Why IT matters

Welcome to Control Engineering's new column addressing information technology (IT) issues for control engineers. The need for this column grows greater every day as IT becomes much more usable and more used by control professionals. Yet, as control professionals, we do not normally think of ourselves as using IT in our everyday work.


Welcome to Control Engineering 's new column addressing information technology (IT) issues for control engineers. The need for this column grows greater every day as IT becomes much more usable and more used by control professionals. Yet, as control professionals, we do not normally think of ourselves as using IT in our everyday work.

Why exactly is IT becoming so important in our industry? Three reasons: business, technology, and professional development.

The business reason is easy to understand. There is high value in correct, real-time production information and integration of the shop floor with the top office. Companies are integrating the "make" part of the supply chain into their optimized supply chains. This requires near real-time information from the shop floor and that the shop floor be more responsive to changes in products and schedules. Many companies can no longer run on weekly production schedules and weekly inventory updates. They need to send down multiple schedules per shift, and they need to know within minutes of when production has finished. Complicating the integration problem is that back-of-the-envelope calculations show that only 0.01% of the data we collect on the shop floor has direct business value. Companies need control professionals to identify the important information in the sea of real-time data, collect the correct information from the shop floor, and make it available to business systems. This puts engineering and IT departments on a collision course as they are forced to work together to implement real-time business processes.

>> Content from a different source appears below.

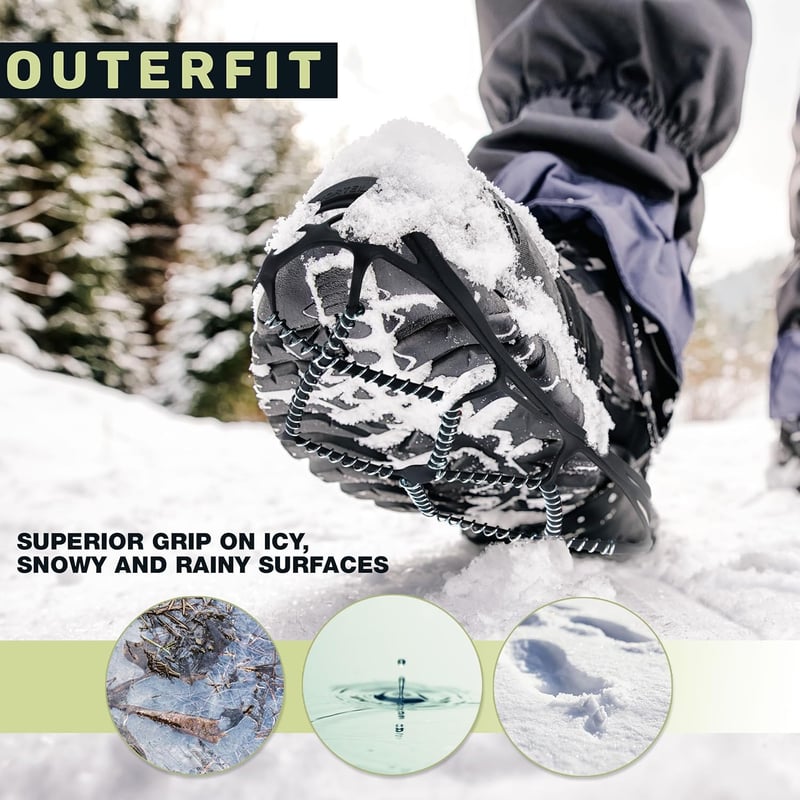 Zinc Coated Steel Non-Slip Crampons for Hiking and Walking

Secondly, IT is important because the underlying technologies of control systems and IT systems are rapidly converging. We are using standard PCs, standard networks, standard operating systems, and standard computer languages in our control solutions. Most new control systems are now based on standard Microsoft Windows technology, Intel microprocessors, and Ethernet. New control system devices are typically networked, programmable, and remotely manageable using standard IT systems. Modern control system design also now requires an understanding of software design and computer system validation methodologies, security and redundancy issues, and network design constraints. All of these technologies and methods are part-and-parcel of the IT world. As engineers we need to understand the strengths that IT can bring to control systems and the weaknesses we have to address.

Finally, IT is important because it will affect our careers. Manufacturing companies are not ignoring the increasingly networked nature of control devices and the fact that these devices will have more processing capability, memory, and network throughput than many 1980 mainframe computers. In fact, some companies are combining IT professionals and control engineers into single departments. In these companies control engineers are being treated as IT professionals with specialized training and expertise in real-time applications, real-time programming languages, and control theory. IT departments are expecting that control professionals will also have knowledge in the standard areas of IT.

Because of these changes, control professionals will need to understand currently available IT solutions. These solutions will become part of the standard tool kit that we will bring to control problems. To help you become more familiar with IT technologies, each of my columns will focus on a specific IT issue or class of technology. It will include real examples of IT technologies used in control systems and personal opinion. Some of the first issues to be addressed include how to achieve stability and consistency in the changing IT environment, how to accomplish control networking using IT solutions, and how to design long-lasting solutions for control system integration.